At the date, while I am writing this review, the workstation is powered on and running in my lab accessible via the VLC from everywhere.
The second experimental project, that I started using proactively for image conversions and other time-consuming tasks is the building of a four nodes Cluster. The video below shows the making-of and setup.
Personally, I've always been very interested in the realization of supercomputers built with more than one processor; in the last two years the experiments for the creation of this kind of system – i.e. Cluster Computers – have multiplied thanks to the possibilities offered by the Raspberry Pi models. The first Cluster projects based on this platform were published shortly after the release of the second generation of Raspberry; given the rather limited computing power of the Pi 2 model, these were almost always academic experiments aimed at demonstrating how a group of small networked computers can considerably increase the computing power to perform repetitive or time-consuming tasks, especially when performed on single-board computers such as the Raspberry Pi.
The English term Cluster literally means "collection", but also "group". This word is used in very different fields, such as mathematics and statistics, where Cluster Analysis takes into account the behaviour of certain groups of entities in relation to each other. In the computer field, a Computer Cluster consists of a group of independent computers connected to each other through a network and controlled by a main server. These machines are identical or structurally very similar; each computer in the cluster - identified as a node - has its own operating system installation; the nodes in the cluster communicate quickly and efficiently with each other connected by a local network. In many ways, although they are different machines, the cluster can be seen as a single entity. Each node is configured so that it can perform the same tasks as the other nodes, while the main node (the cluster server) has a software able to establish the priority of execution of each task by distributing the pending tasks to the various nodes according to the availability of resources.

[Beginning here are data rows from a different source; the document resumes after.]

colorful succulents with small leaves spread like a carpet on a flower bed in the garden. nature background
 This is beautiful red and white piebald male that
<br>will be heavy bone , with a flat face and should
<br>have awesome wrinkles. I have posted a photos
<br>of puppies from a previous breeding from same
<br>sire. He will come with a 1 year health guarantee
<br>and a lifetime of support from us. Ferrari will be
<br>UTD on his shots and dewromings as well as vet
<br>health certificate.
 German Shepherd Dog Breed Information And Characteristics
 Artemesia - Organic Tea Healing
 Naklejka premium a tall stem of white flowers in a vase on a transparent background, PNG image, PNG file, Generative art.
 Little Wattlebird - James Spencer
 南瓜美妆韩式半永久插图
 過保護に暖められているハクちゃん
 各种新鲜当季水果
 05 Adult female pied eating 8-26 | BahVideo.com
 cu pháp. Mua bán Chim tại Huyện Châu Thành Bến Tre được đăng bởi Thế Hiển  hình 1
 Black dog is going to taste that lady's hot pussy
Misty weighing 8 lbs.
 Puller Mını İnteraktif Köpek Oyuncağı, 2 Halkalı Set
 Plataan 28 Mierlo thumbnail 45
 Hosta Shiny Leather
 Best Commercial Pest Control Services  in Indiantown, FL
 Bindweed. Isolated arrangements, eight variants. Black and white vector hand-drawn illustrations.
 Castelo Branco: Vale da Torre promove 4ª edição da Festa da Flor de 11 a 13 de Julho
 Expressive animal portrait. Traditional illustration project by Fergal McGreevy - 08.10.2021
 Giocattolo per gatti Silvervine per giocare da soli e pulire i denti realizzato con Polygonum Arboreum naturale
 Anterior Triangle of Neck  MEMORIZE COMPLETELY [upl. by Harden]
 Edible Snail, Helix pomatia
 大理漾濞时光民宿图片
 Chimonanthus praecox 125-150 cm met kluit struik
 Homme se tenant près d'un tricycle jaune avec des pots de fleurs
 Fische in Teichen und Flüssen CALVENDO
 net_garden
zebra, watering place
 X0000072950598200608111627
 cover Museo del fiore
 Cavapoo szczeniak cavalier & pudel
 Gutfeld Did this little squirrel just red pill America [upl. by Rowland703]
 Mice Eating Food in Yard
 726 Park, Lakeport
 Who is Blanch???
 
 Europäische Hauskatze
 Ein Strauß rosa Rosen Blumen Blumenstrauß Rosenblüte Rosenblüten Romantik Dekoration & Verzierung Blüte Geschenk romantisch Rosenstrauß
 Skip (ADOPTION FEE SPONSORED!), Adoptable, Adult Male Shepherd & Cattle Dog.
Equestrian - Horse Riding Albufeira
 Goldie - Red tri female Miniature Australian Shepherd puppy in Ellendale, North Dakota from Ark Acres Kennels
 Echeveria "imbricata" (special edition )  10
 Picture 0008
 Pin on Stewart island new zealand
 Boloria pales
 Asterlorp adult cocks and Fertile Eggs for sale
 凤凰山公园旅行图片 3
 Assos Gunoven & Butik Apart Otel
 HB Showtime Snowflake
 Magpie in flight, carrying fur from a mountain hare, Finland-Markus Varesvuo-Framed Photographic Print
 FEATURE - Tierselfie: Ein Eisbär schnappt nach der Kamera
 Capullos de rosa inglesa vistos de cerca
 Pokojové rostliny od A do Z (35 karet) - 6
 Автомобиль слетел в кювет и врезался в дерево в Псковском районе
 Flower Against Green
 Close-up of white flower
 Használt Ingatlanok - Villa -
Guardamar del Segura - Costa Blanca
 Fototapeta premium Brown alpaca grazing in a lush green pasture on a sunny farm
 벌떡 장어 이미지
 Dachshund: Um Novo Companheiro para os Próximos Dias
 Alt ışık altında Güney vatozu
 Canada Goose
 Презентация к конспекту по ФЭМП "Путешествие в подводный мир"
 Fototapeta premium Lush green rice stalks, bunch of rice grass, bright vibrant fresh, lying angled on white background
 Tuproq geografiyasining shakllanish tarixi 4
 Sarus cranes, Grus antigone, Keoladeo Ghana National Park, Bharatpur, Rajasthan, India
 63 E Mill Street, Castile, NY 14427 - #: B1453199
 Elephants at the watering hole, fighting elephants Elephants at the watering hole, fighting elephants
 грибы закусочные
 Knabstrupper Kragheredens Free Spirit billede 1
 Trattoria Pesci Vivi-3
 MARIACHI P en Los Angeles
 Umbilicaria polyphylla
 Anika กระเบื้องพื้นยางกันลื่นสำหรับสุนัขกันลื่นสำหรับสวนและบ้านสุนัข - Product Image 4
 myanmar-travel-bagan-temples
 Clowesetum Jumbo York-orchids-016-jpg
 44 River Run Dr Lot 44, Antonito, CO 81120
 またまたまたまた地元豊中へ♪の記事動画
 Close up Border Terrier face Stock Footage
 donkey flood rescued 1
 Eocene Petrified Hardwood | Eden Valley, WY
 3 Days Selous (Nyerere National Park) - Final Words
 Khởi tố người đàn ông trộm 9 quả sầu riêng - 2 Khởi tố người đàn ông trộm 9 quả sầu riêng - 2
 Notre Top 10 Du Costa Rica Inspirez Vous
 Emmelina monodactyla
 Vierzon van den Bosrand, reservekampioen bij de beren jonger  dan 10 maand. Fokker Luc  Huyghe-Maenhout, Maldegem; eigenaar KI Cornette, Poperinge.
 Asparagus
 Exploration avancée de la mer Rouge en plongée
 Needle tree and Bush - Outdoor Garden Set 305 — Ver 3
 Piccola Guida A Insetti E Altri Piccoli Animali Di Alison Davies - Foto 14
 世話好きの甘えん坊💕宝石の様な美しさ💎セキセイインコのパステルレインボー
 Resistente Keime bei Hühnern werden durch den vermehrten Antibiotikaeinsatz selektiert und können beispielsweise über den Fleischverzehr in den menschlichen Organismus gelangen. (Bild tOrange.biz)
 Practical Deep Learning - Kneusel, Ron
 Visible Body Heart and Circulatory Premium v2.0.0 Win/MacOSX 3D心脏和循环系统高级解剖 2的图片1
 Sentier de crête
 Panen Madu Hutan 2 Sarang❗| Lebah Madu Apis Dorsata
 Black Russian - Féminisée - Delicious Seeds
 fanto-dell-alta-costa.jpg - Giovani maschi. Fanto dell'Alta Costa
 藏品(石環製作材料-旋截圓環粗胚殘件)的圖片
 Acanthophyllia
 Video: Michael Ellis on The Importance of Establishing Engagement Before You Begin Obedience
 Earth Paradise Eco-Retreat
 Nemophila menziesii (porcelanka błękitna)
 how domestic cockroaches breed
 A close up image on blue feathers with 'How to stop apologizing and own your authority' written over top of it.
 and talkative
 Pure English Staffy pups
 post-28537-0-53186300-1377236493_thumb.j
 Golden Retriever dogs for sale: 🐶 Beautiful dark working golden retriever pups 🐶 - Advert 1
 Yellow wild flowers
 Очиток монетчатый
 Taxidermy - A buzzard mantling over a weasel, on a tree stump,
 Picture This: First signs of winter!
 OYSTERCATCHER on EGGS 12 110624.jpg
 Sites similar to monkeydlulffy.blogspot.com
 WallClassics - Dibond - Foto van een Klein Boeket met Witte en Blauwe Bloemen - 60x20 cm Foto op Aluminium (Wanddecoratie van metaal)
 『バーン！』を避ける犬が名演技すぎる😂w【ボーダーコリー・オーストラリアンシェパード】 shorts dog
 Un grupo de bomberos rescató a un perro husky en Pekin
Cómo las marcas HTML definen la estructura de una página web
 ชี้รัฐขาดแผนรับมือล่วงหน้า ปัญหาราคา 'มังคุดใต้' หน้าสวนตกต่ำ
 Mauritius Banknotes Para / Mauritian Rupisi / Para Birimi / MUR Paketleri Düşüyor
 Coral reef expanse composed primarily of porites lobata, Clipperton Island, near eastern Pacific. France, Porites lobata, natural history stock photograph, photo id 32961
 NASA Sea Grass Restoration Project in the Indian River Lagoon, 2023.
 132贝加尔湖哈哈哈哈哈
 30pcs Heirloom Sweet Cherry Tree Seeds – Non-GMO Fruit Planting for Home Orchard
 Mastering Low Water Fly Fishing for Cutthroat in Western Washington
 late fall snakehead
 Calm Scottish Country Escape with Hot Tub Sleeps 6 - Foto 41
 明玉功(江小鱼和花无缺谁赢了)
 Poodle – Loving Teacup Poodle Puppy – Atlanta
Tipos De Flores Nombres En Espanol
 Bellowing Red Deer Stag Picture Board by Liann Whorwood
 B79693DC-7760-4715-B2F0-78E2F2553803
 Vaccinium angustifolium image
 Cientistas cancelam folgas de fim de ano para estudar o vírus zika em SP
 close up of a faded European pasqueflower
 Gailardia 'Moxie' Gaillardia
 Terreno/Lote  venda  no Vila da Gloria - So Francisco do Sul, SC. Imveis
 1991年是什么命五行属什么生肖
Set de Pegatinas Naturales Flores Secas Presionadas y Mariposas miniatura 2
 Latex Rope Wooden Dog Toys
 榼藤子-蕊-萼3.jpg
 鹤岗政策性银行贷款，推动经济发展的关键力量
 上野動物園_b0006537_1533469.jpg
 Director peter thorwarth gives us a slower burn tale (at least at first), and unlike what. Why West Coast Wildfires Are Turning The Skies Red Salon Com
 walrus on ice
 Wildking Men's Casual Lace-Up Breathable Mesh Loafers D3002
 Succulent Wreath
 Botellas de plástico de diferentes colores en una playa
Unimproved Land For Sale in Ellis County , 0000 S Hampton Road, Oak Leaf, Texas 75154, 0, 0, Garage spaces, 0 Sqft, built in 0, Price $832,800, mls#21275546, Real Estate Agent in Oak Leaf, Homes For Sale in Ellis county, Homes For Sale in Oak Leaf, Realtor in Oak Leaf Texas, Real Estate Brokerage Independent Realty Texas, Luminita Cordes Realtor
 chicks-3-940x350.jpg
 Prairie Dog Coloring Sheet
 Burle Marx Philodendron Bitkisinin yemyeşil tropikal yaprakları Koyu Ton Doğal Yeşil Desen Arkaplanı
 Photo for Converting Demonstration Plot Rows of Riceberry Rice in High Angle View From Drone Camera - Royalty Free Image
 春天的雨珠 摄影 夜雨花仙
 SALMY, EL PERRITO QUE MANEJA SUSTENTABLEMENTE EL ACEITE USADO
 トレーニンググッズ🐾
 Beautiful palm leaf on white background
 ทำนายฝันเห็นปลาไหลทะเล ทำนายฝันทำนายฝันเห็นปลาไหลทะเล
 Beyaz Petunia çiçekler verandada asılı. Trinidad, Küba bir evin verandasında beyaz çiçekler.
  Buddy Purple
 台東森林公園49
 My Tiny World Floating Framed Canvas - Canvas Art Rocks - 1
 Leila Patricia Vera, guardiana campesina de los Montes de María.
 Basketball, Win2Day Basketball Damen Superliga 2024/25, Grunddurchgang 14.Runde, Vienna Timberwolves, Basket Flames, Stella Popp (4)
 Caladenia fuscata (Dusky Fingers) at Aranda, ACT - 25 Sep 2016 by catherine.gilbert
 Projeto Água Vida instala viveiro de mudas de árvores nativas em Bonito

In this project I used four Raspberry Pi’s 4B to create a cluster of four nodes: the number of nodes depends on how many units we have available and the system is completely modular, able to be extended to an indefinite number of nodes; some universities have created clusters with hundreds of Raspberry Pi’s connected to the network. Of course, this also applies in the opposite direction: nothing prevents us from creating a cluster with only two or three nodes. It is obvious that the number of nodes can significantly affect the system performance, seen from the outside as a single entity, a small supercomputer. Despite the flexibility and modularity of the cluster, when it comes to designing the architecture there are some aspects you have to take into account. A complete project detail on how to make a cluster with the Pi 4B following my same path will be published soon outside of this review as it is a long but interesting procedure.
A detailed post on how I have set up the four nodes cluster based on the Raspberry Pi 4B can be found in PiCluster How-to on we-are-borg.com, a complete guide on how the four machines have been configured and what is the software components and network configuration used to build the nodes and connect them together.
Another post on how PiCluster architecture has been empowered with the SLURM Workload Manager to assemble automatically large amounts of time-lapse images to mp4 video scenes, on the PiCluster At Work blog post. Custom control software is available on GitHub repository.
Based on all the use I have experienced, including the stability of the system (the cloud is powered under UPS by 2 months and a half) In can conclude that it is my impression that the Pi 4B is a considerable step ahead. Having tested, experimented and developed many projects on almost all the models of the Pi from model 1 this is the first machine that can work very well as a desktop with the incredible potential of exposing the GPIO. Perfect for makers, developers and for educational purposes. My vote for this model is 10 under all the aspects.